Valeris was a plot device. Had she been Saavik as originally planned, her character arc from beginning to end could have been tragically fascinating. But as Valeris she was simply an instrument of cold logic without Saavik's backstory or connection with the audience. Her moment in the spotlight was fulfilled. No need to go back.

I agree. It's a shame they didn't do this, and have her be Saavik.

And it might have saved us from having to read Vulcan's Heart.
 
I think it was in the Enter the Wolves comic that it was mentioned that Valeris never fully recovered from the forced mind-meld with Spock.
 
So, no, Christopher, I disagree. There is a story there. How does the Federation deal with the neocons of the early 24th-century?

I'd like to think the people of the Federation would be smart enough not to give them any kind of authority...
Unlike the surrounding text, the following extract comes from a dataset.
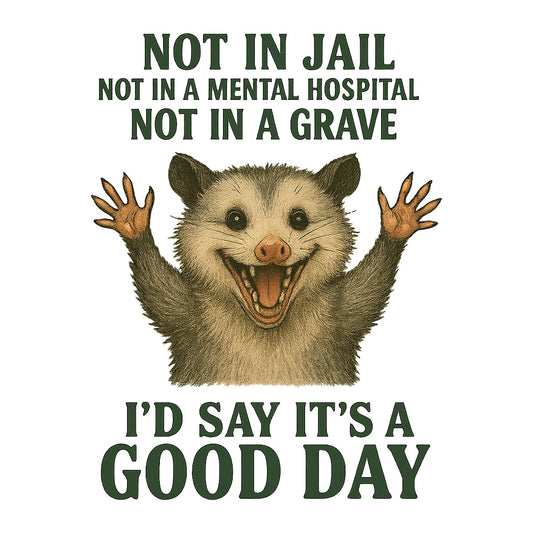 DTF Heat Transfer Iron On Sticker Funny Opossum Saying It Is a Good Day Graphic for T Shirts Hoodies Bags and Halloween Home Decor - 1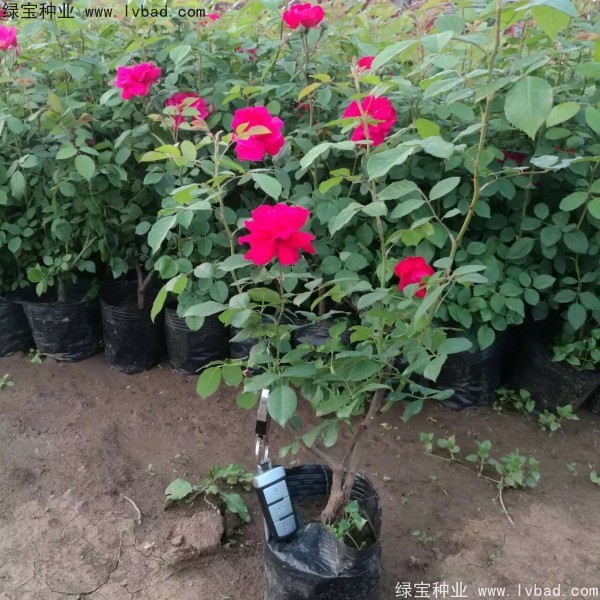 <a href='http://njszjj.com/linmuzhongzi/1702.html' target='_blank'>薔薇</a><a href='http://njszjj.com/' target='_blank'>種子</a>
Wouldn't Admiral Leyton be considered sort of neo-connish in his treasonous actions to try to "save the Federation" (by destroying it) ?
 
Valeris was a plot device. Had she been Saavik as originally planned, her character arc from beginning to end could have been tragically facinating. But as Valeris she was simply an instrument of cold logic without Saavik's backstory or connection with the audience. Her moment in the spotlight was fulfilled. No need to go back.

I agree with the decision not to make Saavik the saboteur though because, as was said, it would've been too shocking a decision. Saavik wouldn't turn against them.